While the country is swirling with monumental discussion, facts, statistics, opinions, lies and myths about the medical care and medical insurance issues, I thought I would share some of my personal facts regarding my wife’s and my medical coverage; anecdotal though it may be.

Medical Insurance:
When we retired in 2006, our group (state public employee) medical insurance premium for our joint coverage began billing us $893.76 per month. Prior to retiring our employer paid for this coverage. Today our premium is $1,157.46 – a 29.5% increase in premium costs over 6 years. The current rate of inflation is 2%.

Last year our monthly health care premium actually went down from $1,159.52, to $1,157.45 this year – a $2.07 per-month decrease. However, the plan has changed whereby we now must pay $500 out-of-pocket before anything is covered. So essentially, our medical costs have actually increased 3.5% over last year.

This year, our insurance provider is requiring all customers to participate in a mandatory “Health Engagement Model (HEM) program”. A surcharge (penalty) of $17.50 per person will be added to our monthly premium if we do not comply with the HEM requirements, which consists of watching online training videos. Between my wife and me, we have spent six hours on this process. Emphasis for those of you who decry government interference regarding your health care, note that these are private company hoops we are having to jump through – not government.

Over these six years, our group coverage has forced us to change insurance companies four times. As a result, we have had to change from medical providers and facilities with whom we have established doctor-patient relationships over years. Emphasis again, for those of you who decry government making decisions about your health care, note that these are private companies, making choices for us who we will be allowed to see – not government.

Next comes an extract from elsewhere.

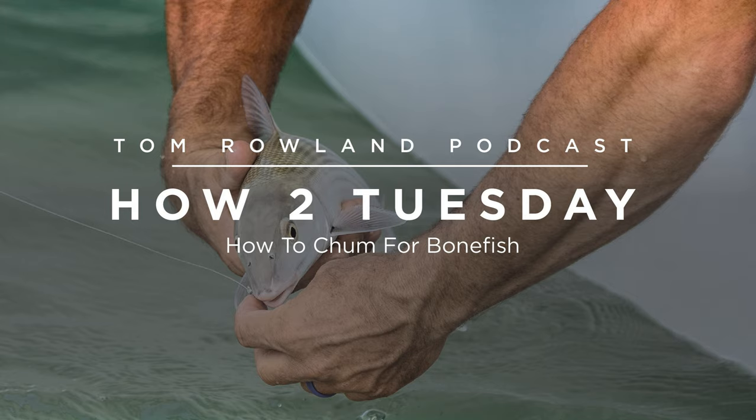You're going to take the shrimp and break them up into little half-inch pieces. Some people will cut them — I just break them up in my hand — and then throw them out in front of the boat to where they're going to be in a small area and go right down to the bottom. This is where some guides are really good and some maybe not as good — and that is managing how much chum and the frequency of the chum.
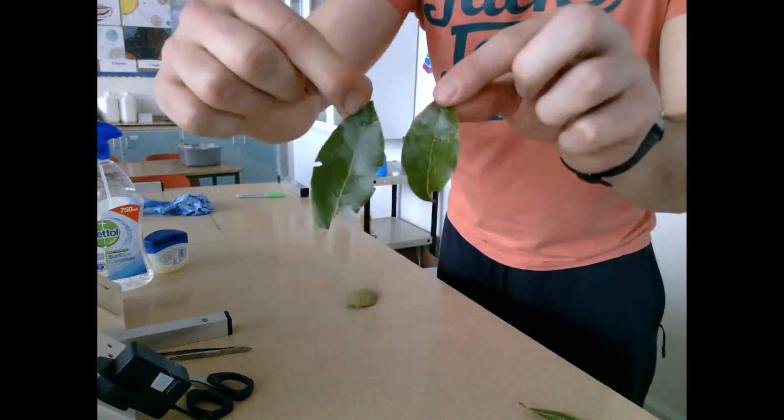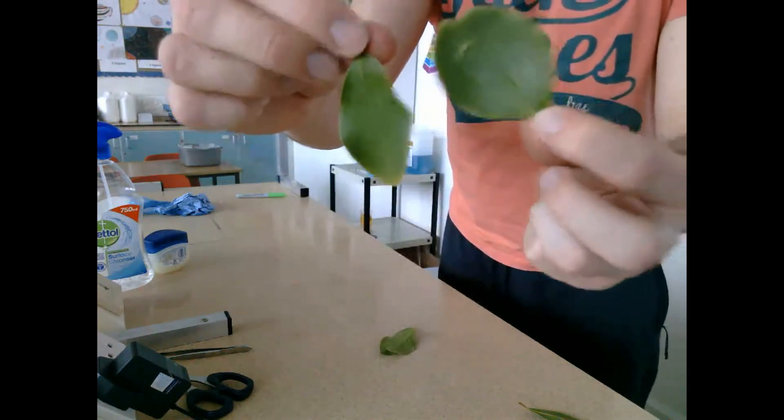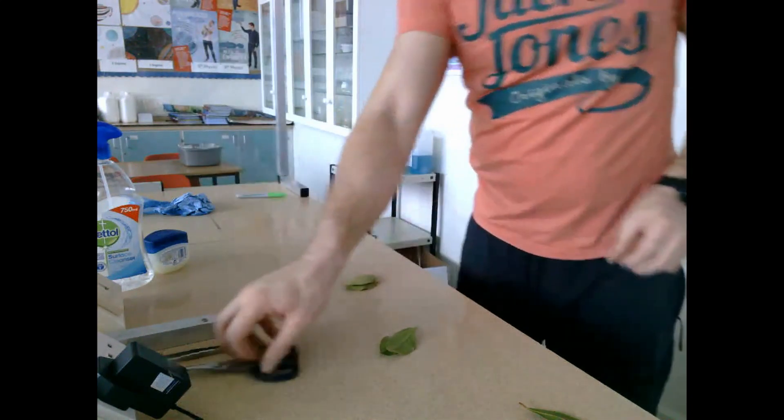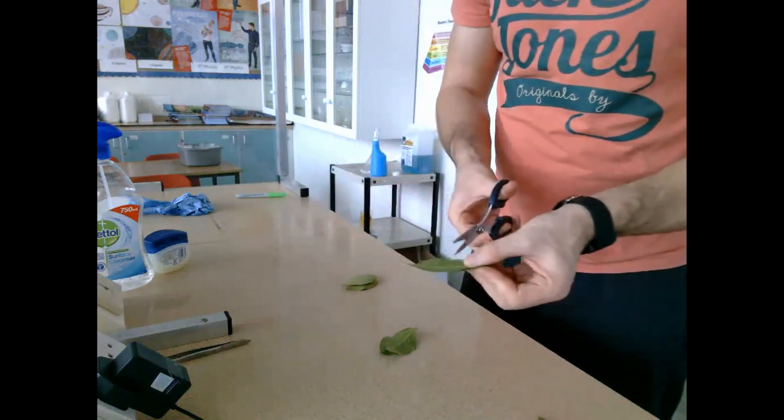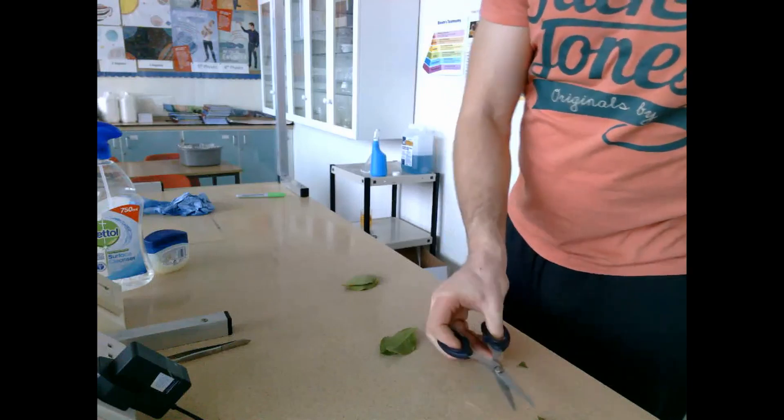What I did was pick three different types of leaves, because this was done at a time of year where leaf yeast wouldn't be that prevalent — it was done in early January. Preferably this is done in May or September, where leaf yeast is plentiful.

One prescription my wife takes cost $543.78 for a 3-month supply in 2007. This same prescription charges the insurance company $912.58 today. This is a 68% increase in the cost of this drug over five years. Our co-pay for this prescription was $15, it is now $75.
… researchers’ estimate is based on the systematic collection of data directly from the industry and doctors during 2004, which shows the U.S. pharmaceutical industry spent 24.4% of the sales dollar on promotion, versus 13.4% for research and development, as a percentage of US domestic sales of US$235.4 billion. [1]
Dental insurance:
We discontinued dental insurance as the premium amount plus the out-of-pocket costs for non-covered expenses was more than simply paying for services directly.

Final thoughts:
Our medical insurance premium, deductibles and co-pays consume one-third of our disposable income. I often wonder how many Conservative local business owners would much rather I spend that $19,800 a year in their local restaurants and businesses than send this money to out-of-town insurance companies? Multiply my $19,800 by the thousands of people like me – this amounts to millions of dollars denied the local economy.

Consider that for every car you buy, every bag of groceries, every movie ticket, every magazine, every gallon of gasoline… the cost of employee medical care premiums is factored into the price of what we pay for those goods and services. Why wouldn’t Conservatives rather want to either A) reduce the cost of their goods by that factor and increase sales, or B) pocket the additional profit from the reduced overhead, by having their employee insurance costs picked up by a single payer government plan? A single-payer plan seems like a win-win for every business in the county except medical insurance companies. Our business leaders must be the laughing stock of the remainder of the developed industrial world.

My final thought on the ACA (aka: ObamaCare)
It appears to focus of this law is directed entirely on insurance coverage but little on containing the rise in medical costs and the demise of medical outcomes. But hey… it’s a start.

1. Big Pharma Spends More On Advertising Than ResearchAnd Development, Study Finds,, January 5, 2008.